Today’s episode is short, sweet, and a little more on the personal side. And it is for you if you have ever felt like you are on the outside of all of those unwritten rules about how to carry yourself, present your ideas, and influence the people around you. Like everyone else seemed to absorb all of those things naturally while you were heads down and busy, actually doing your job.
And I wanted to share this now because the doors for my program Speak Like Senior Leader, they close tomorrow, Friday, May 15th if you are listening to this at the time it airs.
So as part of that, I have been doing a lot of reflecting and thinking about why I do this work. People ask me all of the time, how do you put yourself out there to promote this program? You seem so confident about it, and the honest answer is that it’s easier, it’s not always easy, but it is easier when you are sharing something with the world and inviting them into an experience that you are not only incredibly proud of, but that you also know is desperately needed. And you have also seen over and over again that it gets real life-changing results for people.
Just to give you an example, over the last eight to 12 weeks, we have had people and speak like a senior leader who have gotten major promotions, who have landed director level roles. They have been named to global leadership positions. They have been invited into strategic planning with their C-Suite.
They’ve been asked to co-chair industry panels. They have been personally selected by the executive committee. They’ve been named defacto for big initiatives. They’ve achieved awards earning the highest possible performance scores. That is all why I do this. It is not just to teach some clever scripts or frameworks for you to memorize for your next presentation.
This is a fundamental overhaul of how you communicate and how you see yourself as a high value contributor to the point where that confidence, that sense of self-assuredness, that weaves through every message you send, every call you dial into every conversation you have with someone who has power over your future. It changes how people experience you. It changes how you experience yourself.
Now, maybe all of this feels a bit aspirational right now, a bit far off. Because you have been told, you may have heard this many times, you need more executive presence. We need to see you operate at a higher level. Your communication needs more polish, be more strategic.
And somewhere in the back of your mind, maybe in the front of your mind, actually, you have thought I have zero idea. What you mean by that? I do not know how to do it. I don’t know why I can’t figure this out. And then you have wondered, well, maybe I need an MBA. Maybe I need better connections, a different personality. I need to change jobs where there’s not so many politics. And spoiler alert, there are politics everywhere. You encounter the same thing wherever you go. And here’s the thing, you would never say any of this out loud. Because admitting you don’t know how to do these things is almost like admitting you don’t belong.
And you have worked way too hard for way too long to let anyone think that. So instead, you just carry around this low grade confusion like a secret. You are performing and proving your competence on the outside, you are contributing. You are going above and beyond while feeling totally lost on the inside about how to communicate with that it factor, that seems to be so second nature to other people.
And underneath all of that confusion is this even heavier layer and it is guilt. I should know this by now. I’ve been doing this work for 10, 15, 20 years. Why do I still feel like I have to try so hard to get my point across? I’ve read the books, I’ve watched the people around me.

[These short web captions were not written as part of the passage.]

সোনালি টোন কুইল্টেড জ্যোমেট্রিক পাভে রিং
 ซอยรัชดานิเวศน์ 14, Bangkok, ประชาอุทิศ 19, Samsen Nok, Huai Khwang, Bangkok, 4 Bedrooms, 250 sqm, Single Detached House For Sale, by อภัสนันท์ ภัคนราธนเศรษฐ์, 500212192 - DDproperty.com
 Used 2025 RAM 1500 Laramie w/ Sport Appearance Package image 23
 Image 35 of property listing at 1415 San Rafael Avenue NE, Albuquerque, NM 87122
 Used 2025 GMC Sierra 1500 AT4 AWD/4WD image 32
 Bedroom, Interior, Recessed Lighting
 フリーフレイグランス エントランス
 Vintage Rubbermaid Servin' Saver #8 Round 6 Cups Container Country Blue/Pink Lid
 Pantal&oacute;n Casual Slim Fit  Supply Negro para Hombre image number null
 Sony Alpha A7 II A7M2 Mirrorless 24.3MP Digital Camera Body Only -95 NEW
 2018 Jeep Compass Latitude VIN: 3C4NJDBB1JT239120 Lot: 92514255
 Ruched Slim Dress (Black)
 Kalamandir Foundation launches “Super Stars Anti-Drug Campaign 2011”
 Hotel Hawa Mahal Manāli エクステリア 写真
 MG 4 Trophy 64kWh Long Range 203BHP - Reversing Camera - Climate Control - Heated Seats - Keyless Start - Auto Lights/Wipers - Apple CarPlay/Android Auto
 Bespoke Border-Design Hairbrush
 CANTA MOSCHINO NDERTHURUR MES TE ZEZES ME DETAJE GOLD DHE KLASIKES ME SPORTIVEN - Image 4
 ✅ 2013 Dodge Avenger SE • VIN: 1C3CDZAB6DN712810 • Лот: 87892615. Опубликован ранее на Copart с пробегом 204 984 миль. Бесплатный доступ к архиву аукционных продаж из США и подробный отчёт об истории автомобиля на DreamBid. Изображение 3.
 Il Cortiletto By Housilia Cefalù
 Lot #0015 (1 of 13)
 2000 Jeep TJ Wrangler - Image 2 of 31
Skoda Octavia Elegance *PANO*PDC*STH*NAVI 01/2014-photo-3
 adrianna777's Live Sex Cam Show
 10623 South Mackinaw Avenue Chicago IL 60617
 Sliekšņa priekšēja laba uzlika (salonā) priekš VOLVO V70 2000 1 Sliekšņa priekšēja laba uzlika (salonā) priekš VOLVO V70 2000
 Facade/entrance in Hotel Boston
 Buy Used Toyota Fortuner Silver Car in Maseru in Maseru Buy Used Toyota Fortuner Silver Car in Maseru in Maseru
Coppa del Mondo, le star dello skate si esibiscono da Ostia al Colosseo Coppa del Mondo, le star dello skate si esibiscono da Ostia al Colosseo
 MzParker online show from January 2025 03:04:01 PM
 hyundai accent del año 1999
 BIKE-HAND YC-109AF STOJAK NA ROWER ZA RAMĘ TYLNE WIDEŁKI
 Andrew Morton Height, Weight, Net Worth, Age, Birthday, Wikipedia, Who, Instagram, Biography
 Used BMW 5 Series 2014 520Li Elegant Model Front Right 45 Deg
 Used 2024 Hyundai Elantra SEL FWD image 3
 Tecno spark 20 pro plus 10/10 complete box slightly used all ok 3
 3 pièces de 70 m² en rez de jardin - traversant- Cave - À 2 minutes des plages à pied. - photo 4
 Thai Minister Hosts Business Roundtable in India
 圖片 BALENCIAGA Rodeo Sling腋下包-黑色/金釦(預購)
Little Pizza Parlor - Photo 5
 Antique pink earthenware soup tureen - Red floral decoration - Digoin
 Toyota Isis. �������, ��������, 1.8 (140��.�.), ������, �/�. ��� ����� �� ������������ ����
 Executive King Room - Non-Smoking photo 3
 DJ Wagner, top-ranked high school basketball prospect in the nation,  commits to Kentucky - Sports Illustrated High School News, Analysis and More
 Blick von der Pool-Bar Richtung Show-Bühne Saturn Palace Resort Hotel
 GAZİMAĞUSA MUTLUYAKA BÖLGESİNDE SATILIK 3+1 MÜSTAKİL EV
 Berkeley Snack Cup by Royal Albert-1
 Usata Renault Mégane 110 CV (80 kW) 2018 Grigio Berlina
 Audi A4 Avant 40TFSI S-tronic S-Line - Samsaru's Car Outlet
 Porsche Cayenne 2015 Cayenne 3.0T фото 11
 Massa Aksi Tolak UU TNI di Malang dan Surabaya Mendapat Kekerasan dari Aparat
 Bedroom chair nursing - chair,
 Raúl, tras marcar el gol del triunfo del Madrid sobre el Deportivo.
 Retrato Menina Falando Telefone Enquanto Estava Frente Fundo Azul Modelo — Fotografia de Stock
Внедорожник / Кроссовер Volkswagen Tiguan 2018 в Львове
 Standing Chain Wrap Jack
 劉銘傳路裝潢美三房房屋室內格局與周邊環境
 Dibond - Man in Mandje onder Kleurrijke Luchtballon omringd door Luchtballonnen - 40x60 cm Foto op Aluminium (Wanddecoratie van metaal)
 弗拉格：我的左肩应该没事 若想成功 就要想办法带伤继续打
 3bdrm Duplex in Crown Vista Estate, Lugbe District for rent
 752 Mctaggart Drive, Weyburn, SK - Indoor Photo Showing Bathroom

I’ve tried to pick it up on my own. Why does everyone else seem so articulate and why do I feel like I’m still winging it half the time after all of these years? Maybe if I had figured it out sooner, I wouldn’t have lost that opportunity. Maybe if I had just said that thing differently in the meeting, things would’ve gone another way.
I would’ve gotten that promotion. And this brings me to the number one truth about influence, I had to learn the hard way. And it is this, you cannot move forward while you are still busy beating yourself up for not being further along. The weight I’ve been talking about. I know it very well. I know how it feels like you are carrying around this heavy backpack and you’ve gotten so used to wearing it that you’ve almost forgotten it’s there because it’s always been there.
I relate to all of this because I grew up in a pretty blue collar household in an otherwise well off wealthy neighborhood and school system. Neither of my parents graduated college or had what I would jokingly call a real job. They own their own businesses, so I had very little exposure to the traditional corporate world growing up, I didn’t understand or know any of the lingo.
I didn’t really know job titles. For a long time, I didn’t even know that people came home from work at five o’clock because my family’s hours were completely different. I had no real conception or understanding of salaries. What did people make? What was a good salary? I didn’t understand any of that until well after college, which honestly feels a little bit embarrassing and vulnerable to say. And I want to be very clear, i’m incredibly grateful for my background. My family knows that through and through I would not be as driven as entrepreneurial. I would probably not have this company if I didn’t have that upbringing. That foundation shaped everything about my work, my values, and what I’ve built with my own career. But I also can’t lie, it did leave me feeling like I was at a bit of a disadvantage when I did enter my career.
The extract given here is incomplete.